Théodore Parker naquit en 1810 près de Lexington, dans l’état de Massachusetts. Sa famille, de la vieille roche puritaine qui aujourd’hui encore constitue l’élément le plus solide et le plus respectable de l’Union, avait conservé la simplicité de mœurs des pères pèlerins, tout en adoptant l’unitarisme si répandu à Boston et en général dans la Nouvelle-Angleterre. Tout le monde sait aujourd’hui que cette branche du protestantisme a pour dogme distinctif l’affirmation de l’unité absolue de Dieu[1]. Le père de Parker, qui s’occupait d’agriculture et de la construction des moulins, avait des connaissances assez étendues en mathématiques ; sa mère avait un goût marqué pour la littérature et surtout pour la poésie. Sans être riche, la famille jouissait d’une honnête aisance, entretenue par un travail assidu. L’éducation morale de l’enfant fut des plus heureuses[2]. Entouré d’excellens exemples, on l’habituait à développer systématiquement les facultés dont l’usage contribue le plus à mûrir le jugement et à tremper le caractère, — la comparaison, l’observation, l’habitude de se décider en se rendant compte des motifs déterminans, le sentiment religieux et moral, en particulier le retour sur soi-même pour écouter la conscience, qu’on lui apprit de très-bonne heure à considérer comme une voix intérieure de Dieu. « L’esprit d’examen, dit-il, était encouragé chez moi de toutes les manières et dans tous les sens. » Il ne devait quitter une lecture qu’après avoir montré qu’il comprenait ce qu’il avait lu. Ce qui donnera de cette éducation forte et simple une meilleure idée que toutes les descriptions, c’est ce trait unique : « pendant toute mon enfance, je n’entendis pas mes parens proférer un seul mot qui fût irréligieux ou superstitieux. »
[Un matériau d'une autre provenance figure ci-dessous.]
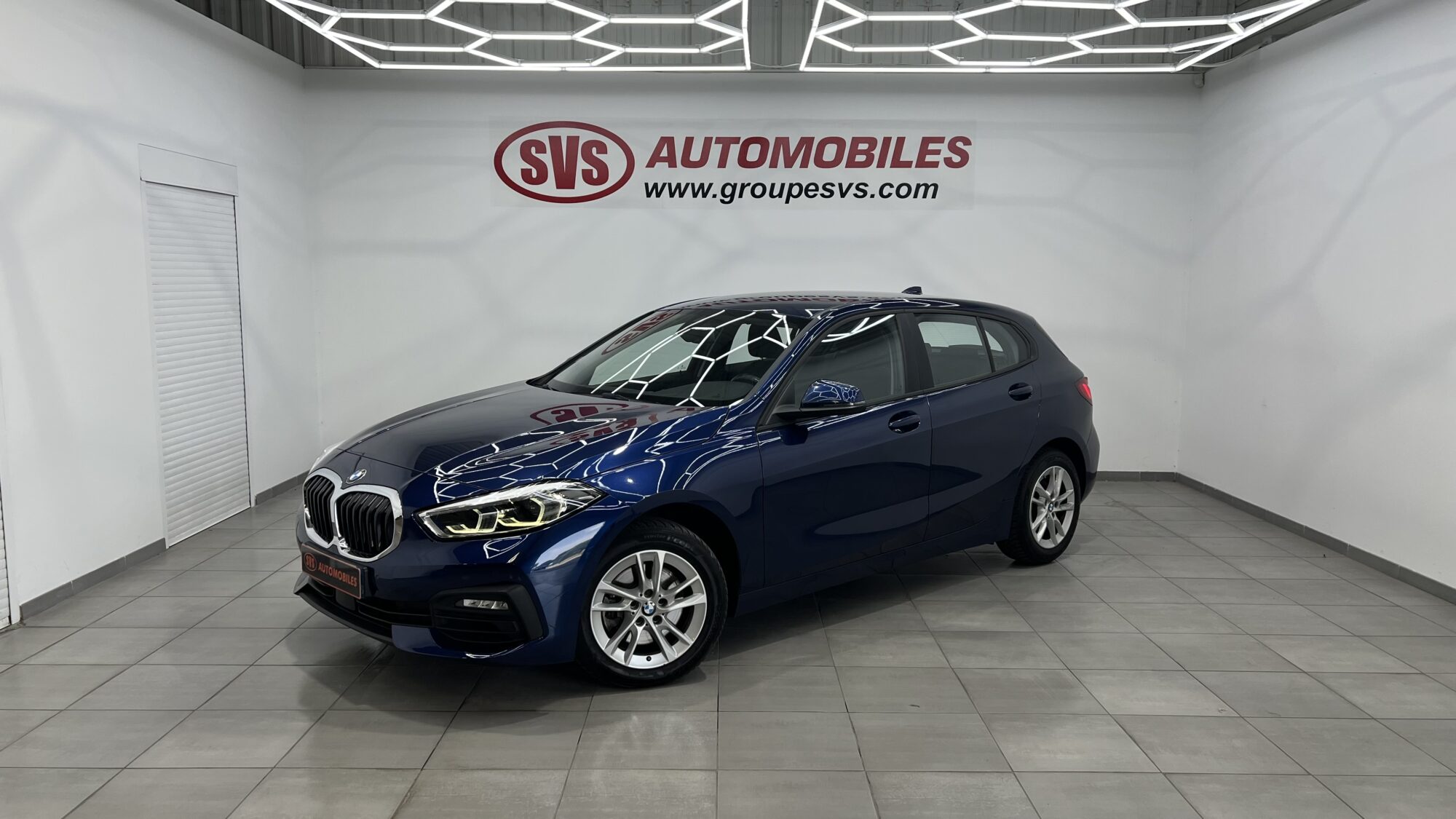 BMW SERIE 1 F40 118i 140CH DKG7 BUSINESS DESIGN + 1 750 EUROS D'OPTIONS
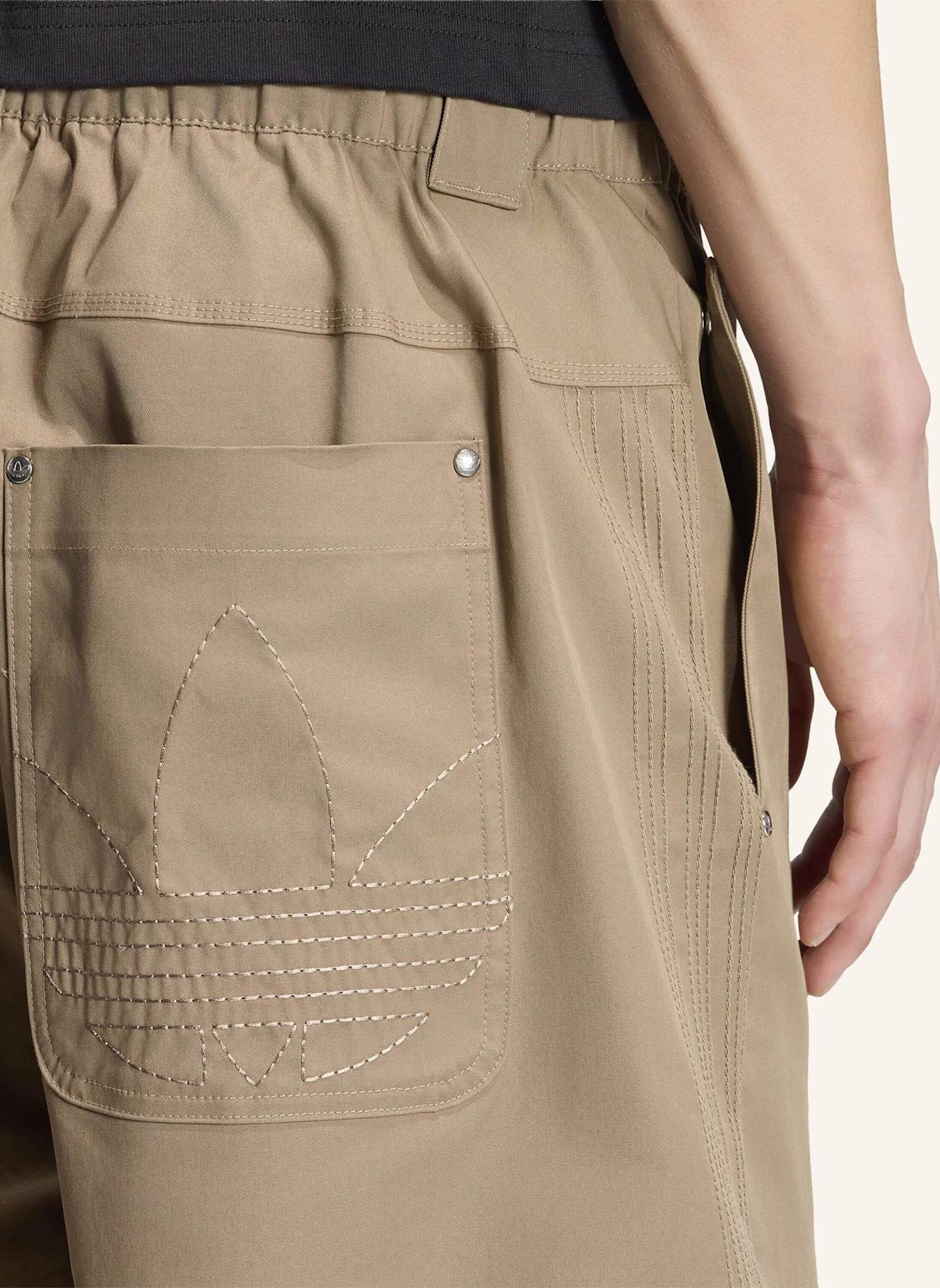 adidas Originals Hose PREMIUM ESSENTIALS Loose Fit: KHAKI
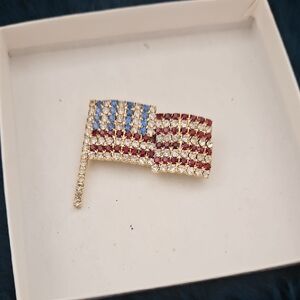 Gold USA American Flag Brooch
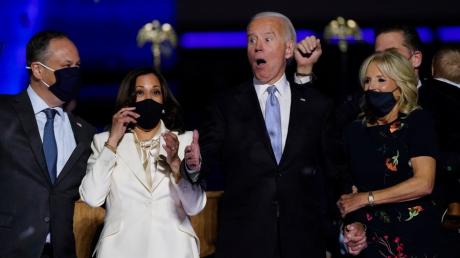 Kamala Harris (mitte links) und Joe Biden (mitte rechts)  wurden vom "Times Magazine" zu "Personen des Jahres" ausgezeichnet. Unser Archivbild stammt von den US-Wahlen.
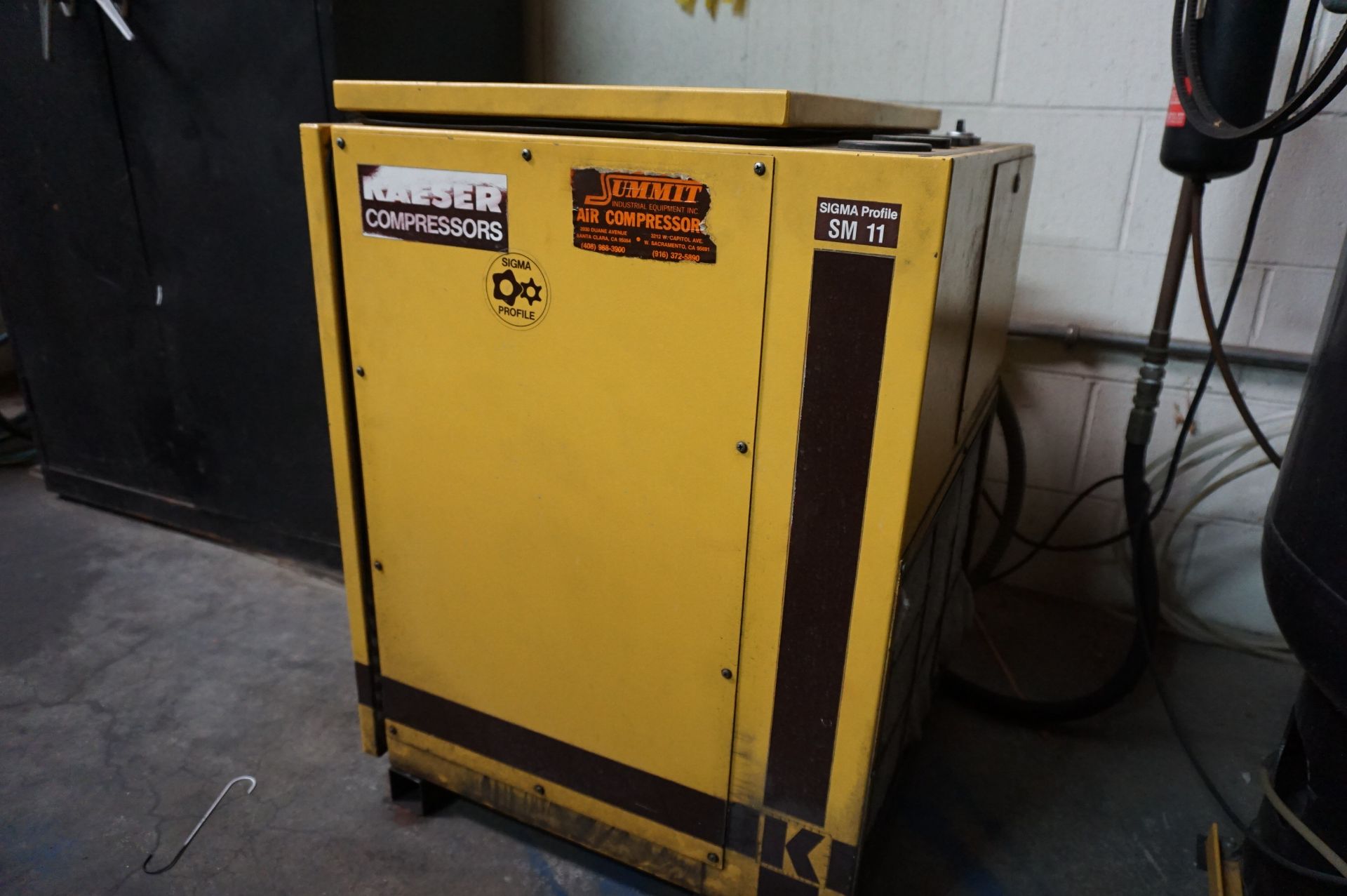 AIR COMPRESSOR LOT FOR POWDER COATING ROOM TO INCLUDE: (1) HAESER KRD050 AIR COMPRESSOR, AIR TANK, - Image 5 of 6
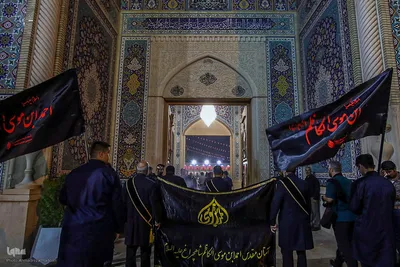 آیین لاله‌گردانی خدام حرم شاهچراغ(ع) در رثای شهادت امام رضا(ع)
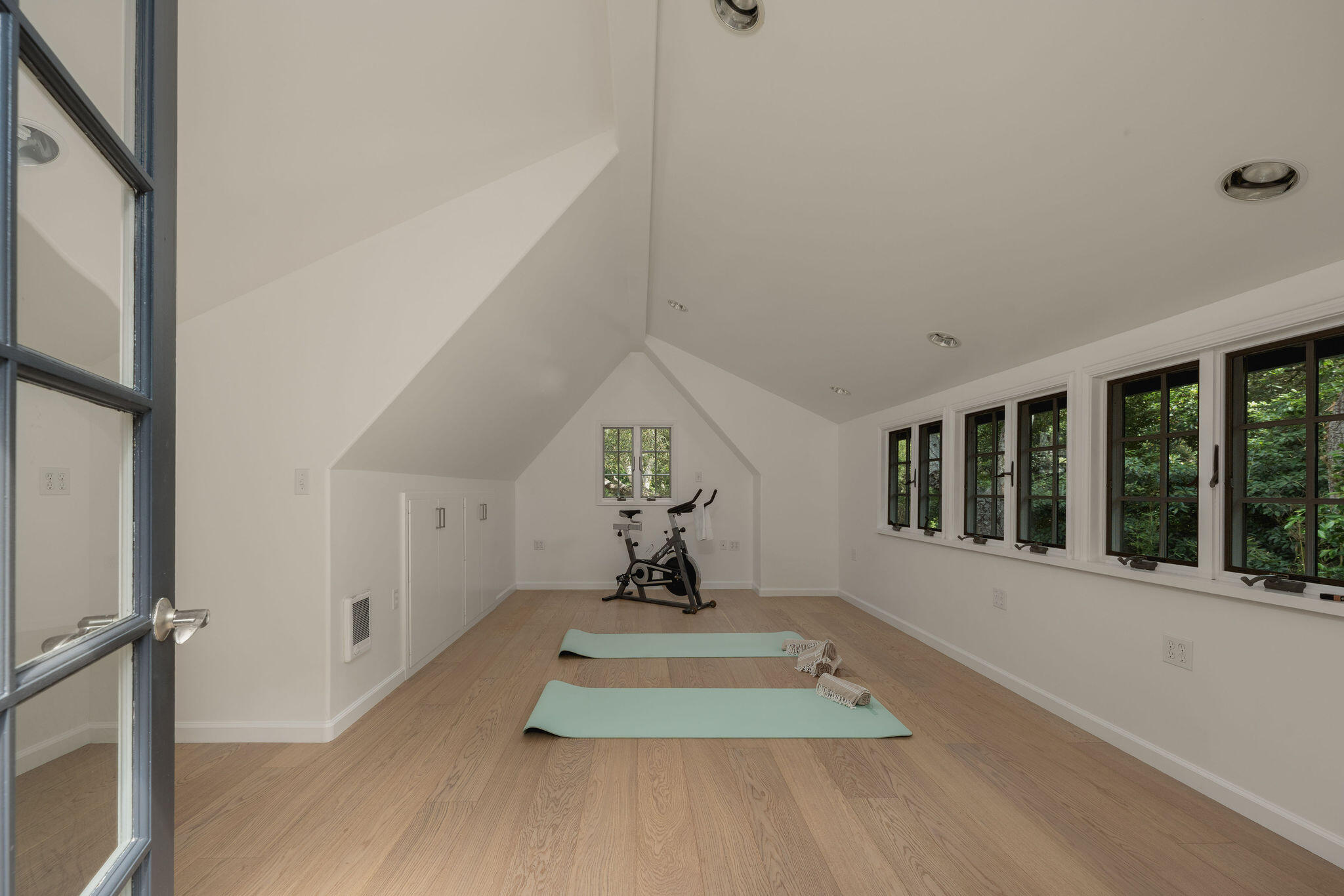 850 Rockbridge Road Montecito, CA 93108 - Photo 25 of 29 2nd Floor - Art Studio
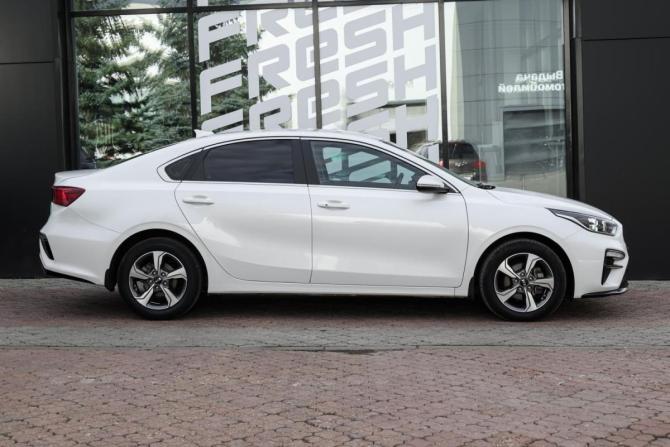 Kia Cerato IV Рестайлинг с пробегом 2021 года, цена 2 079 000 рублей, 81981 км, седан, Автокод Объявления
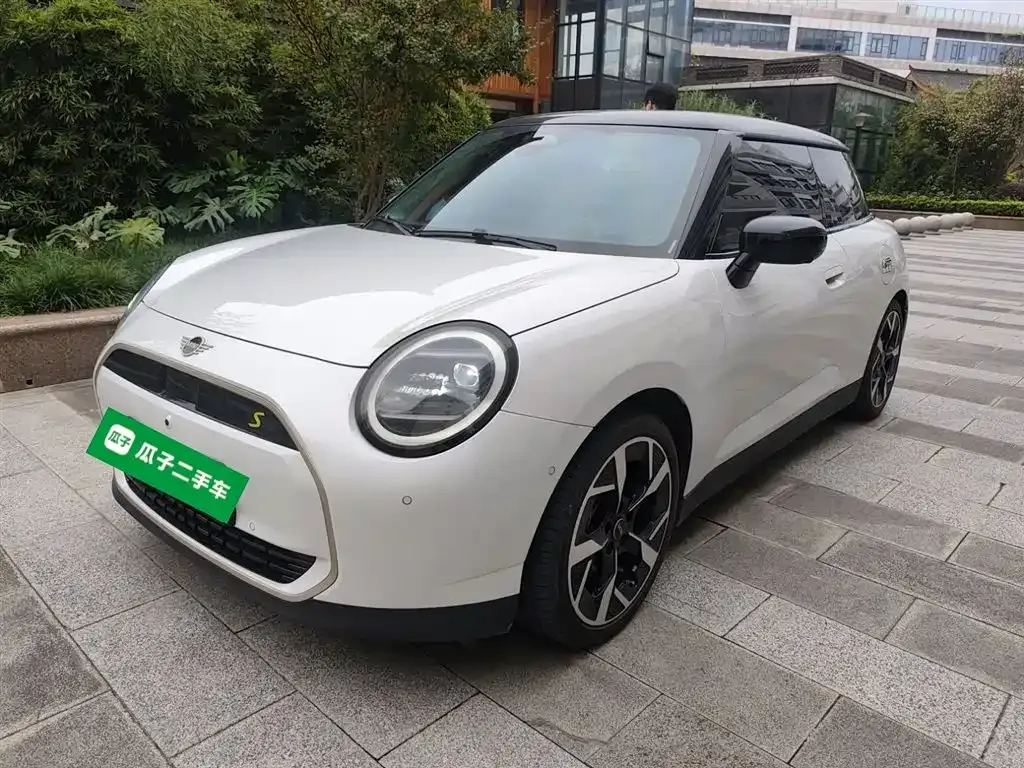 [object Object] MINI COOPER EV 2024 из CN, фото 2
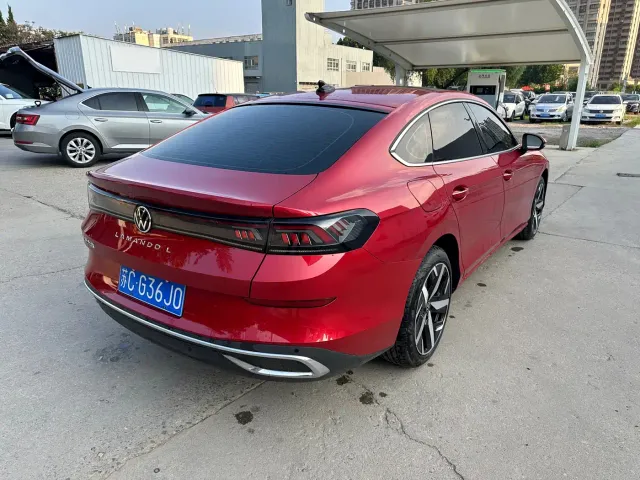 Volkswagen Lamando — Фото автомобиля 5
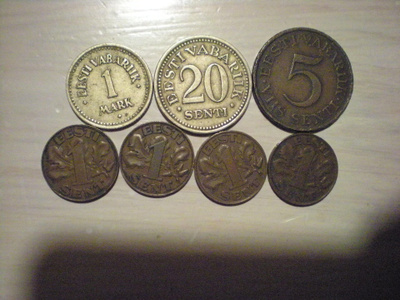 7 kpl Eestin rahoja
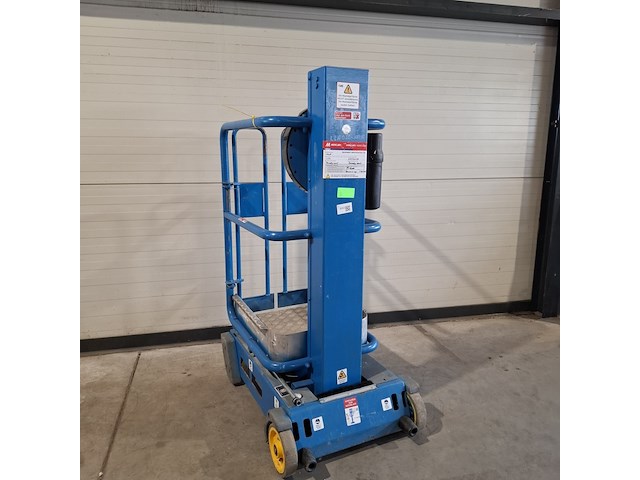 Personenlift 3,5m manueel power tower, power towers pecolift, bouwjaar 2015 - afbeelding 4 van  9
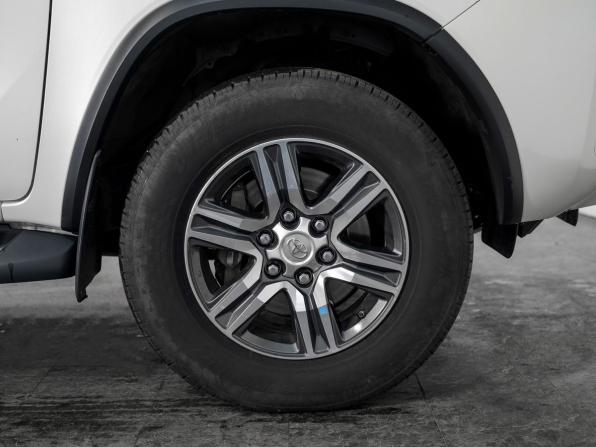 Toyota Fortuner II с пробегом 2018 года, цена 3 300 000 рублей, 212086 км, внедорожник, Автокод Объявления
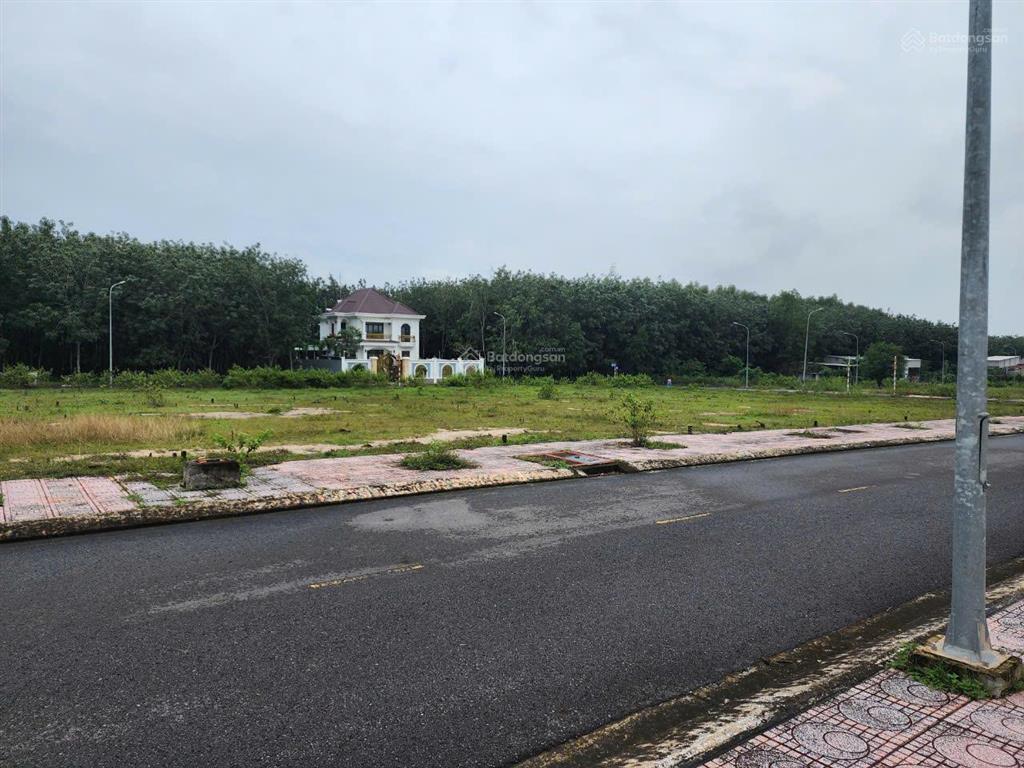 Lô đất 210m2 đất 100% thổ cư, gần sân bay long thành & hồ sinh thái lộc an, giá 2,31
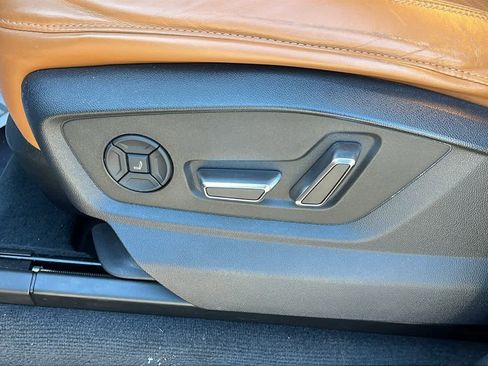 Used 2022 Audi Q7 3.0T Prestige image 21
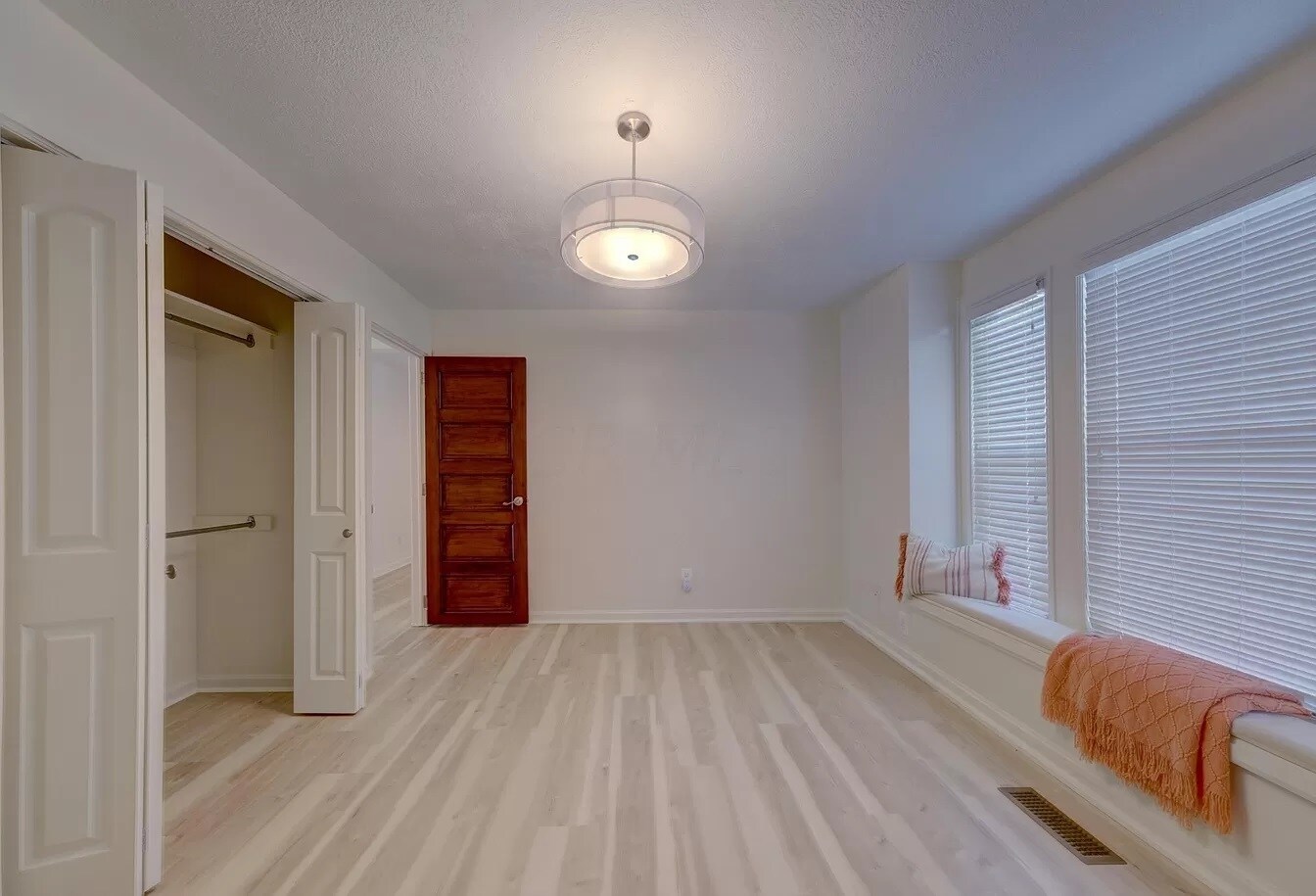 Building Photo - 270 Narrow St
Cependant, sous l’humble toit de l’agriculteur américain, l’instruction littéraire et scientifique du jeune homme ne pouvait faire de progrès très rapides. Théodore Parker devait prendre sa part des

  1. Les partisans de l’unitarisme croient que cette unité absolue est niée par la doctrine des trois personnes divines égales entre elles et coessentidles, ainsi qu’elles ont été définies par les conciles généraux du IVe et du Ve siècle.
  2. Parker lui-même exprime sa reconnaissance à ses parens dans un petit écrit, Expérience as a Minister, qu’il publia peu de temps avant sa mort.